Number One Rule when sending a submission


I have had the fortune this past spring to be the co-ordinator of not one but two short story competitions. Basically that means that I am not a judge, but the stories all come to me and I remove the cover page, keep a record of who wrote what, and send the stories off to the judges. I will then be responsible for accepting the judges' verdict and announcing the happy news to the talented winners.

One thing occurred to me during the process, which also reminded me of when people ask for my advice on submitting their novels or stories to editors or publishers.

Number one rule? DO WHAT THEY SAY.

Number two rule? DO NOT CREATE ANY WORK FOR THE RECIPIENT.

For Contest 1, which was paper submissions, several entries went to the address of the convention registration, whereas my address was the one on the bottom of the form, in big letters, as the place to send the stories. We asked for three copies. I got one copy from some writers. Some people sent registered letters. That meant a drive to the post office.

For Contest 2, which is electronic submissions, a couple of entries could not be read by my computer – although we had specified the format they were to be in.
I was surprised at the number of electronic entries that didn’t have a page heading. Here’s an idea: even if you are not to put your name on the page (for blind judging) at least put the name of the work and the page numbers on it. Imagine the judge carrying out a stack of twenty or more stories to read on his deck. Imagine a big wind comes up. Imagine gathering up a hundred pages of paper from all across the lawn and in the branches of trees. Then imagine trying to put them all back in order. And finding some without any sort of header.

Some stories had different names than the computer file. Eg. Long Night vs night.doc. What that means is that if I am searching for your story in my computer files and they are in alphabetical order I will be looking under L, not N. And if I have another story called Night Dreams, I might get them mixed up. (Note that names are hypothetical.)
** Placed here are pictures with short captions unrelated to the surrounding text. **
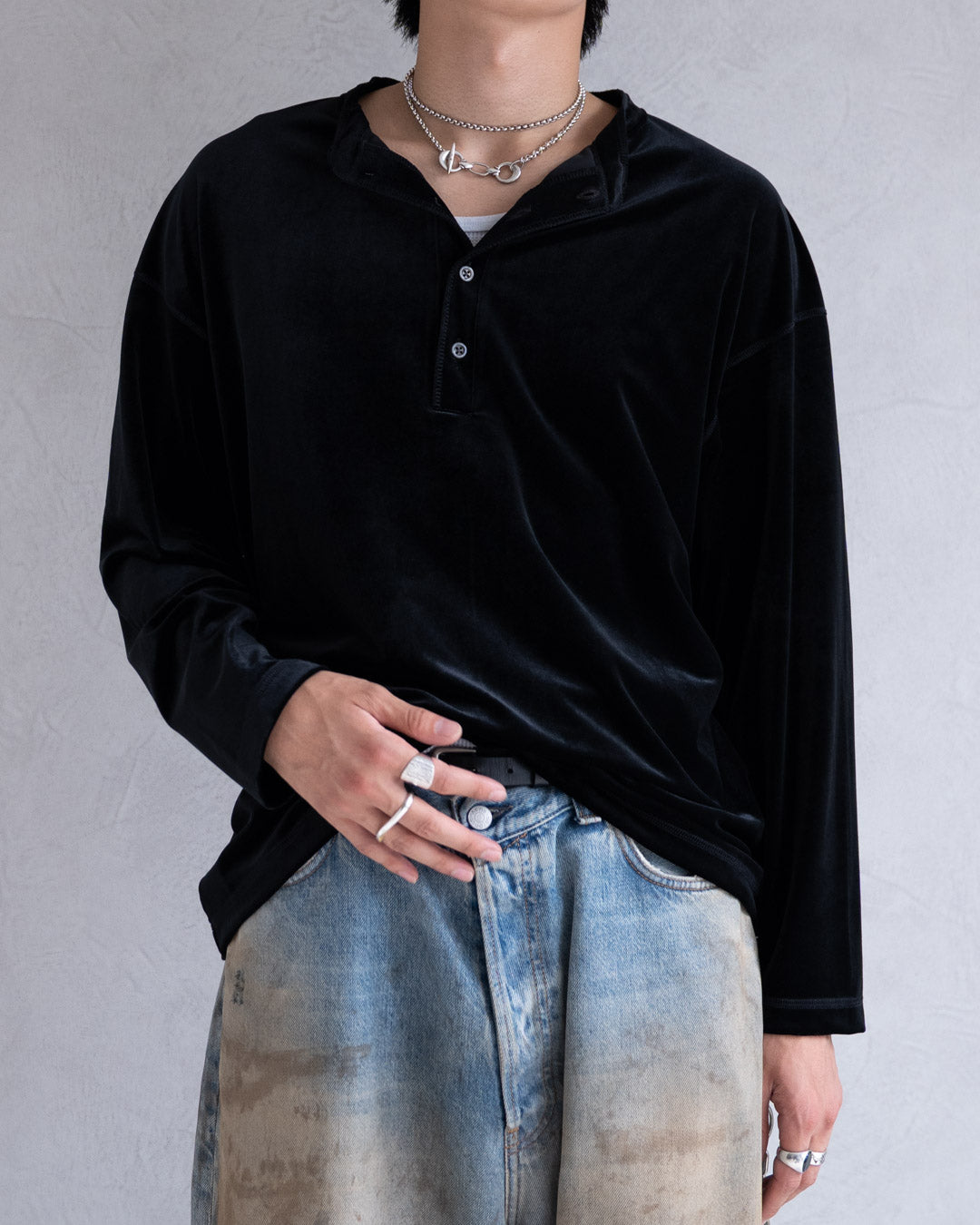 LUSH VELOUR HENLEY LS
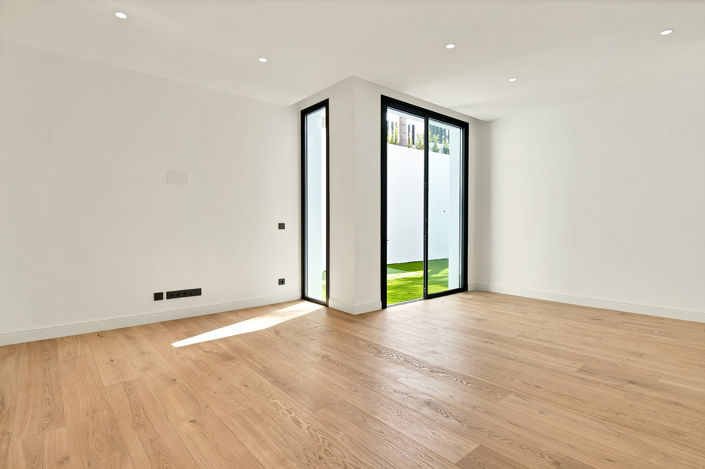 Image No.56-5 Bed House/Villa for sale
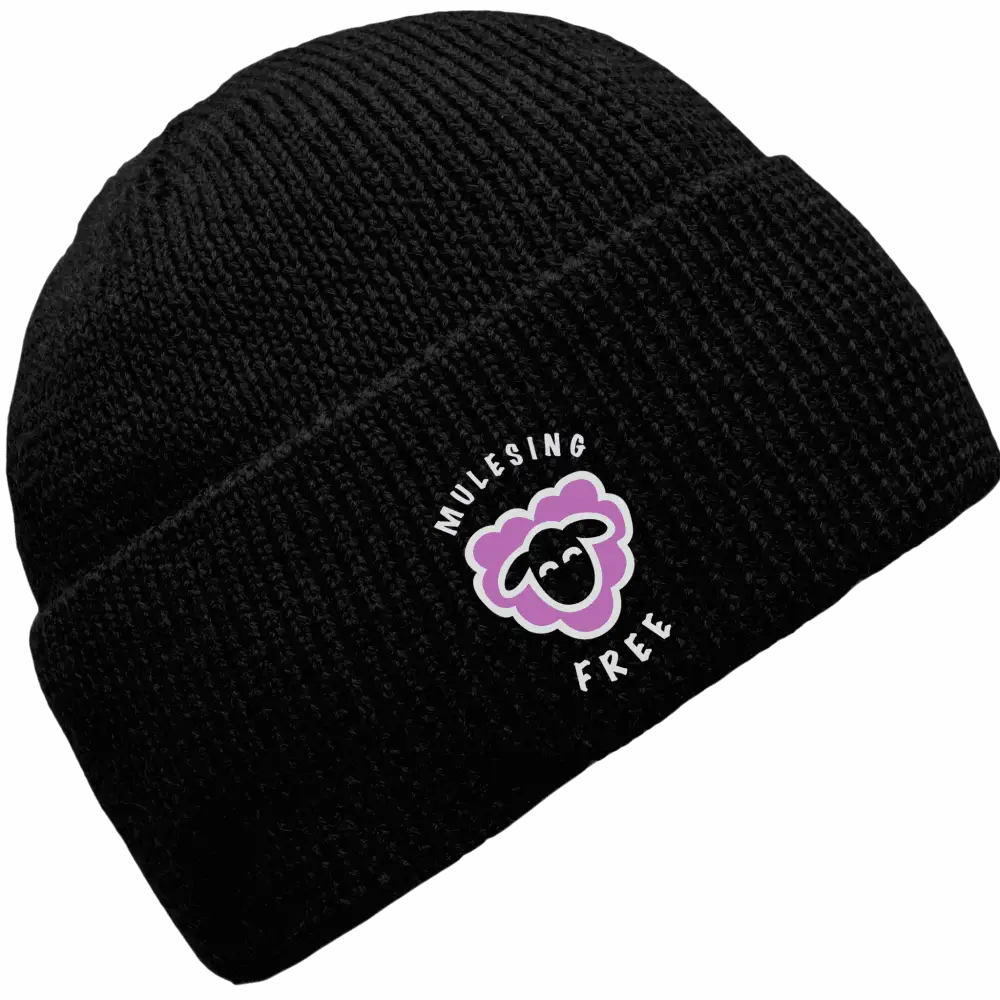 Saana 100% Merinovillapipo omalla logolla - Musta oma logo toteutettu brodeerauksella.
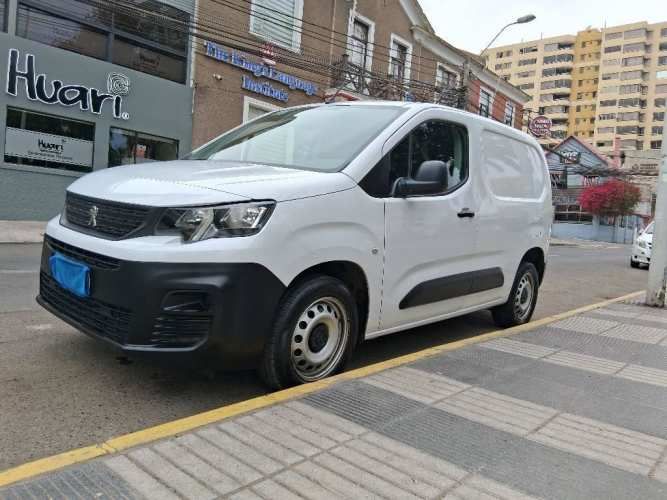 Peugeot Partner 2023, caja 6 marchas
Some had the name of the competition as the file name. Huh? How many copies of XXStoryContest.doc do you think my computer will hold?

One.

In all of these cases I took the time and trouble to make the stories match our guidelines. I photocopied paper, I wrote back and asked for the correct format, I added page numbers and titles, and stored the files under better names.
You may think that’s not a big deal. And it wasn’t. I am not complaining, but I am asking you to think.

If I was a publishing house or an agent who gets a couple of hundred submissions a month – how much trouble do you think I would go to to make your submission readable?
None – straight into the garbage.

Next time you’re submitting anything, to anyone, read the instructions carefully. Follow them. And use common sense.

5 comments:

peter_may said...

Great advice, Vicki - and I admire your patience. Those who didn't follow the instructions were very fortunate to have you at the receiving end.

Lynn Stadel Paterson said...

You would think that people who are submitting stories would follow the guide lines carefully. I would have sent it back with a note to try again. lol

Rick Blechta said...

I've found that most people don't read things all the way through, whether they be directions or just simple emails, and I think that's where the problem lies. I'm guilty of it sometimes and I'm certain everyone else is.

And with our diminishing attention spans, it will only get worse...

Charlotte Hinger said...

After serving as the Spur Awards chairman for Western Writers I was amazed at the ways people can screw things up. Everything from insulting judges in advance to entering stuff in the wrong category. After talking with one publisher, I literally had to wipe the froth off my mouth.